Why doesn’t my child sleep according to the schedule in the book? Maybe if you leave the book open for your child’s perusal during tummy time, they will pick it up.
Will my toddler’s preschool prepare her for an Ivy? All I am looking for is a safe and comforting place for her to get a little bit of socialization, play outside, sing some songs, and make a few crafts. Plus, the few hours twice a week help keep me sane. Everybody knows that a happy mom makes for an even happier family!   

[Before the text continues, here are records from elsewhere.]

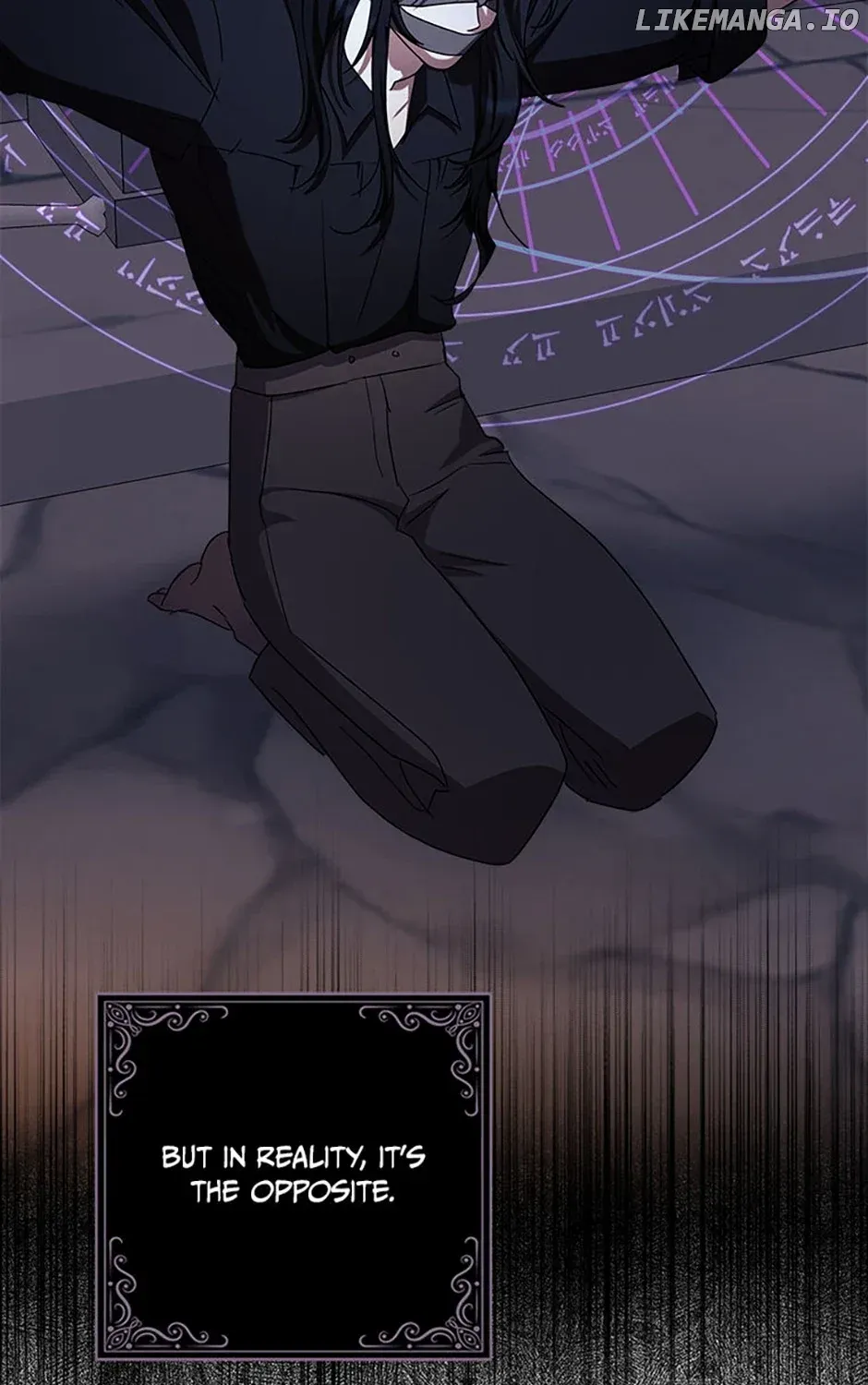 The Abandoned Bachelorette Enjoys Her Simple Life Chapter 43 page 110 - 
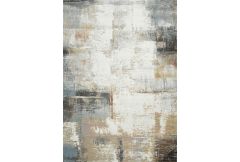 Galleria Rug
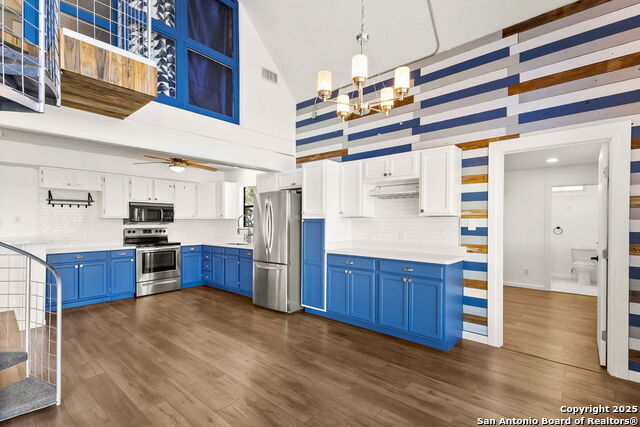 Image 6 of 30 For 4343 Morningside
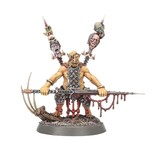 Orruk Warclans: Hobgrot Slittaboss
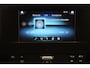 Mercedes-Benz Sprinter 315 CDI L2H2 Automaat 3-Zits, Airco, Cruise, Camera, Apple Carplay, DAB, PDC, 18''
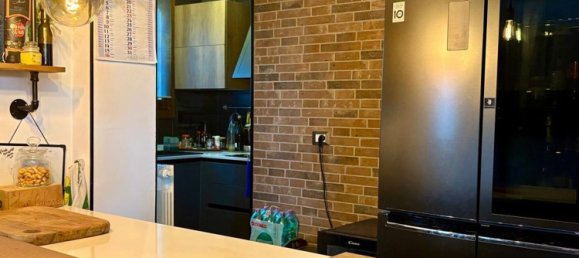 4 rooms Villa in Anzola dell'Emilia, Italy No. 274298 13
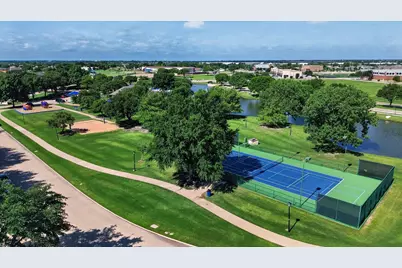 9506 Garrett Drive, Rowlett, TX 75089 - Photo 38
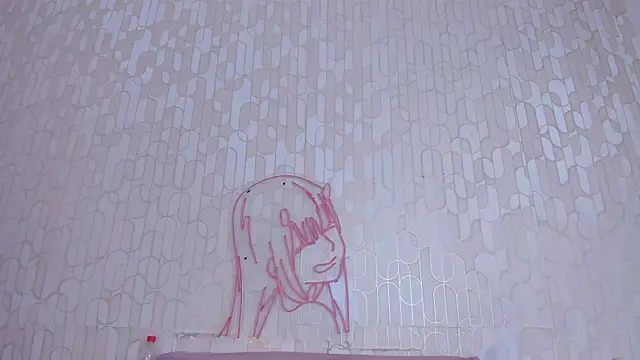 alanismorgan online show from 02.24.26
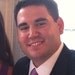 Brian Ramsey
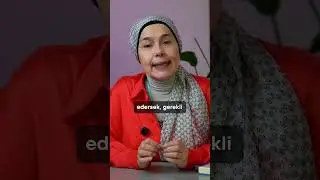 Balayı Sistiti Nedir? #opdrayseduman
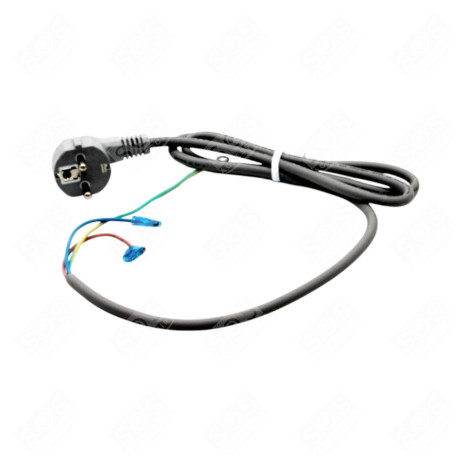 CORDON D’ALIMENTATION ROBOT MÉNAGER - 821292398
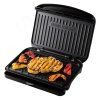 George Foreman 25810-56 fit Medium Kontaktný gril | ajtech.sk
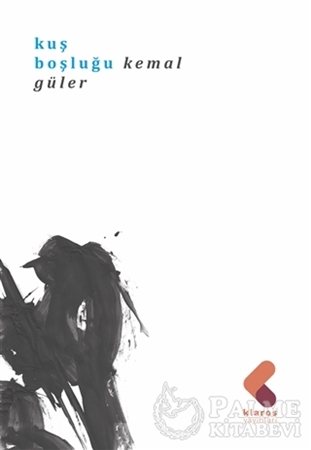 Resim Kuş Boşluğu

I have only been at this mom gig for a little over two years but I am sure it just gets more intense from here. This area is full of highly educated, driven, and successful people, therefore, it should not be surprising that everyone wants their children to attend the very best schools (even if it costs $35,000 a year), be on the most competitive athletic teams, and go on to prestigious universities. With all of this nonsense in the air, it could be easy to lose sight of what is really important. With this in mind, I have been giving two questions a great deal of thought this week: 1) What do I want to pass on to my daughter? 2) What do I consider the truly important lessons? This is a work in progress but here is what I have come up with so far. Short and sweet -- much like my lovable toddler.
Use your manners. “Please” and “thank you” are a few of the words that keep our society from completely spiraling out of control. Do your part – yes, even at two years old. 
Make good choices. The popular one is rarely the best option.
Books are your friend. Losing yourself in the pages of a good book is one of life’s sweetest pleasures.
Relationships with friends and family can sometimes be hard work – do not be scared to put in the effort.
Fight for your own happiness. Nobody else can do it for you. (Ignore the people that say going after happiness is a silly pursuit. They will get it one day.)
It is not a bad idea to always have a snack with you. You never know when your blood sugar will need a pick me up. Plus, you will be able to share it with others and sharing your snack with a hungry friend will make it taste even sweeter.